The theme of recent discussions has been whether China is deliberately keeping its currency, the renminbi, undervalued in order to keep a trade surplus, despite continuing US pressure on China to allow the currency to appreciate. Chinese premier Wen Jiabao has rejected such claims.
"In Europe we have secretly been hoping for the end of US dollar dominance for years," said Michala Marcussen, London-based head of global economic research at Societe Generale corporate and investment banking, at a recent media briefing in Hong Kong. "Is it really the end of US dollar dominance? I would say no, but it is the beginning of the end of a long story."
The liquidity problems that China is facing today are both internal and external in nature. SG chose not to focus on internal liquidity problems as it believes these are under control. The external liquidity problems result from hot money inflows into the country and can be resolved by a one-stop revaluation of the renminbi, according to Marcussen.

Such a move would also help resolve China's growing inflation problem.
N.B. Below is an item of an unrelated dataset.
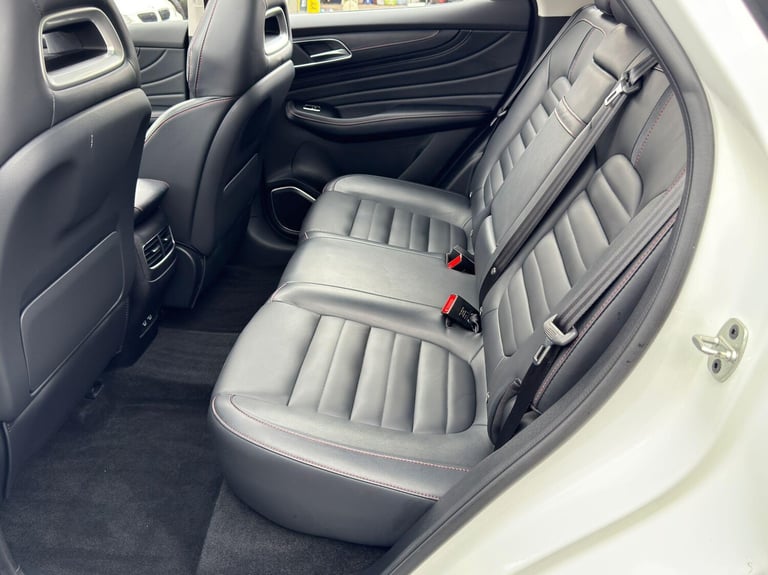 2022 MG MG HS 1.5 T-GDI 16.6kWh Exclusive Auto Euro 6 (s/s) 5dr ESTATE Petrol/Electric Hybrid Aut...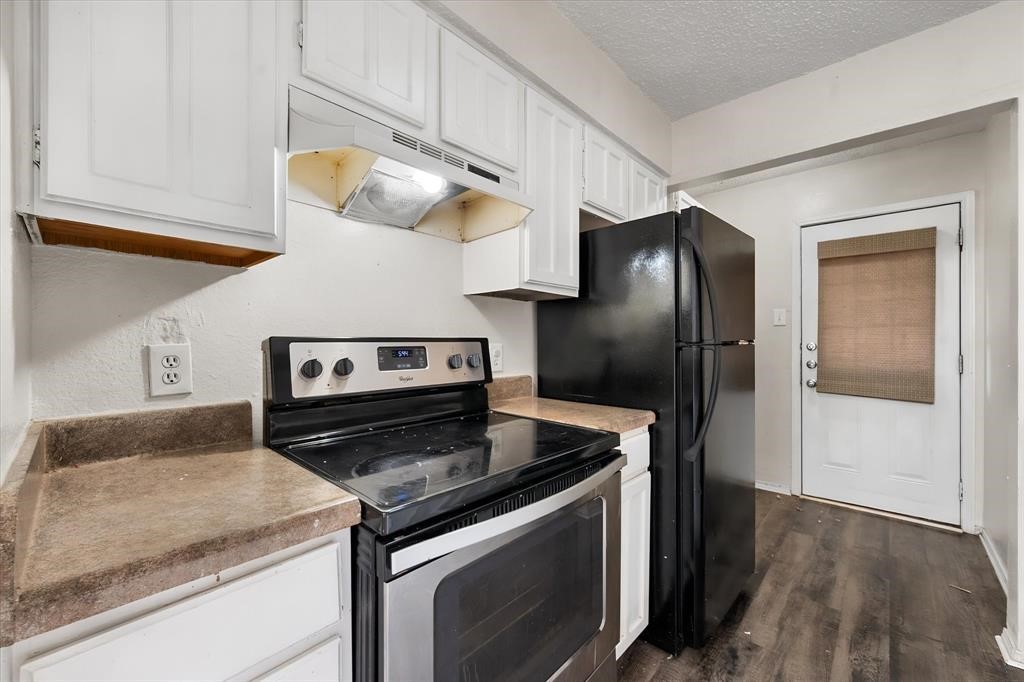708 Woodland Court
SG believes, in contrast to consensus views, that this one-stop revaluation could occur as soon as summer 2010 and that, somewhat stating the obvious, ultimately China will be guided by what will benefit the Chinese economy, rather than obey the demands of the US.
The primary reason why the US wants China to appreciate the renminbi is a desire to ease its trade deficit with China. Renminbi appreciation will raise the cost of Chinese imports in the US and thereby increase the competitiveness of US goods. Secondly, the US is keen to reduce the value of Treasury debt held by China, which has been on the rise fuelled by a large US budget deficit and a two-decade high US unemployment rate of more than 10%. And thirdly, the US is keen to sustain its global currency dominance and contain the emergence of the renminbi, a role which would be under severe threat if China were to allow the renminbi to be fully convertible.
SG forecasts China's trade surplus will dissipate by the end of the year as a result of fresh supplies of Treasury bonds and its infrastructure product offerings. "The question that arises now is who will be buying US Treasuries," said Marcussen. "We believe domestic US investors have ample capacity to buy US Treasuries, in fact their allocations are at historically low levels."
History has demonstrated that a strong currency may not necessarily balance a trade surplus. The Plaza Accord of 1985, named because of its location at the Plaza Hotel in New York, was an agreement between the governments of France, Germany, Japan, the United Kingdom, and the US. The US was suffering from a large current account deficit at the time and the five countries agreed to allow the US dollar to depreciate in relation to the Japanese yen and the European currencies.

The dramatic depreciation of the US dollar successfully reduced the US trade deficit with Europe but not with Japan, illustrating that the strength of the yen did not wipe out the Japanese trade surplus. "The US current account deficit problem [with China] is not a question of trade balances but of internal balances in China," said Marcussen.
SG concludes that the US dollar is "the new currency in the middle", predicting an appreciation against the euro and yen, but a depreciation against major emerging and commodity currencies. Marcussen described a one-stop renminbi revaluation as "a sensible move to kill all the birds with one stone".